Changes under the Tenancies Act, and Healthy Homes standards give landlords fewer options for ending tenancies – and there’s increased fines for non-compliance.

Investing in commercial property syndicates as part-owners is an option investors looking to cash out of residential property could consider, he said.  It’s also an alternative to buying new builds to avoid tax changes.

“Residential property is a changed environment…instead of taking the DIY approach and looking after a property, the whole landscape’s changed,” Henderson said.

In places such as Canterbury, purpose-built manufacturing and storage facilities provide long-term tenants, and the opportunity to earn higher yields than in Auckland, Henderson added.

Having sold around 30 residential properties, from which funds were used to buy nine commercial properties, property investor Graeme Fowler told Newshub the main attraction was higher yields (returns). Residential yields are usually calculated as a ‘gross yield’, which means the landlord still pays for things such as rates, insurance and maintenance, Fowler said.

In Fowler’s view, the actual net return (yield) on a residential property is often lower than on a quality commercial property.

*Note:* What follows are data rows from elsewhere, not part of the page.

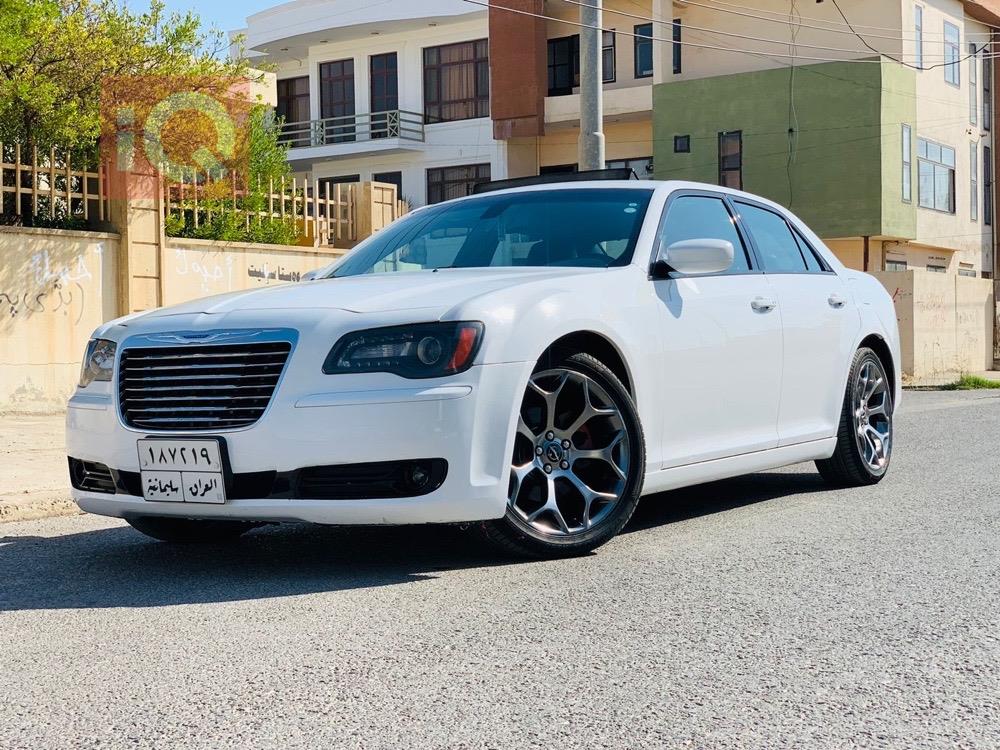 کرایسلەر 300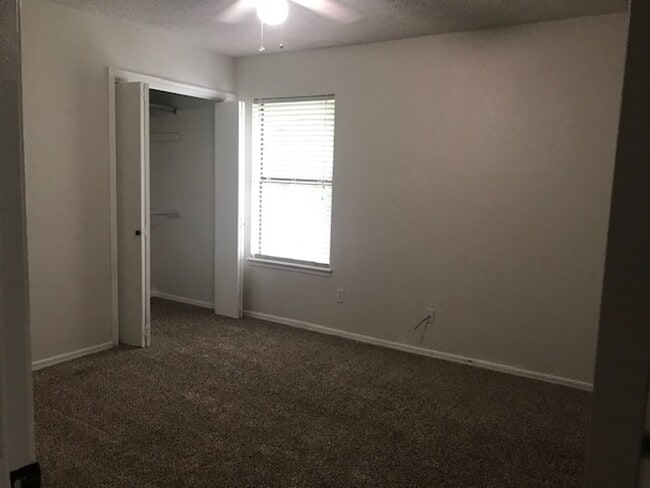 Building Photo - Completely Remodeled 2 Story Duplex - Putn...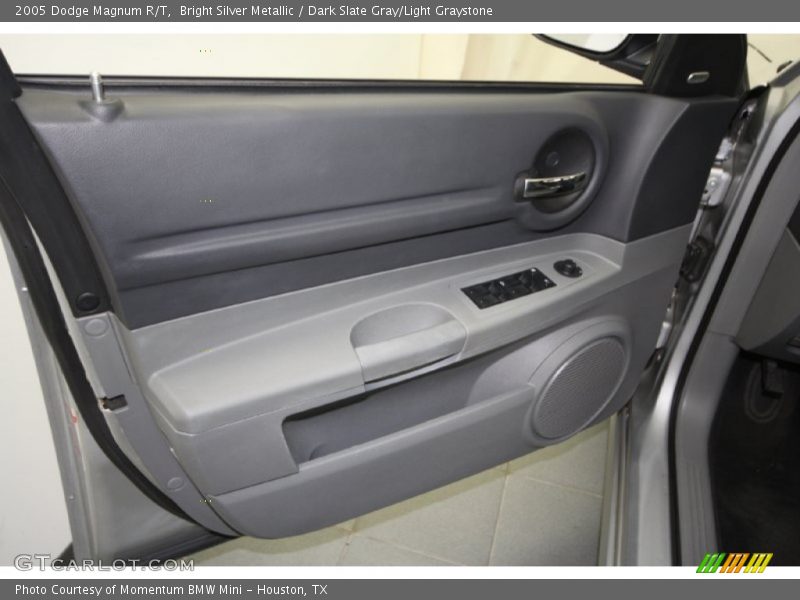 Bright Silver Metallic / Dark Slate Gray/Light Graystone 2005 Dodge Magnum R/T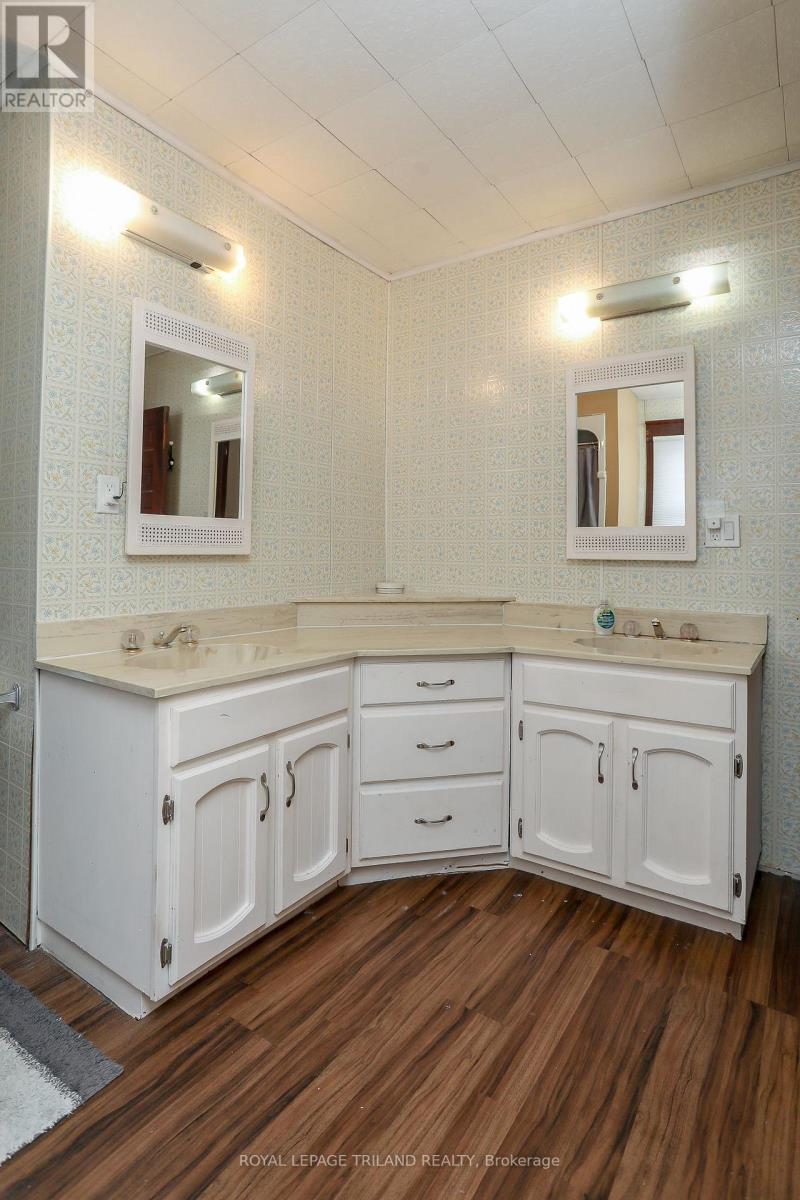 16 Maple Street, St. Thomas, Ontario  N5R 1Y9 - Photo 28 - X12125285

“Cash flow is a very important factor when looking at any investment and so for me when I could get in many cases, double the cash flow with commercial properties, it made sense,” Fowler said.

But as with any investment, there are things to watch out for.

Commercial properties often require a higher deposit, creating an additional barrier to entry.  Borrowing to buy commercial properties can attract higher interest rates.

Those with two or more commercial properties may also find their cash flow is more affected when a tenant moves out, than if they were residential properties.

“With residential, there are generally 50 or more people wanting to rent a house when an existing tenant moves out, however with commercial it may take 12 months or more to find a replacement tenant,” Fowler added.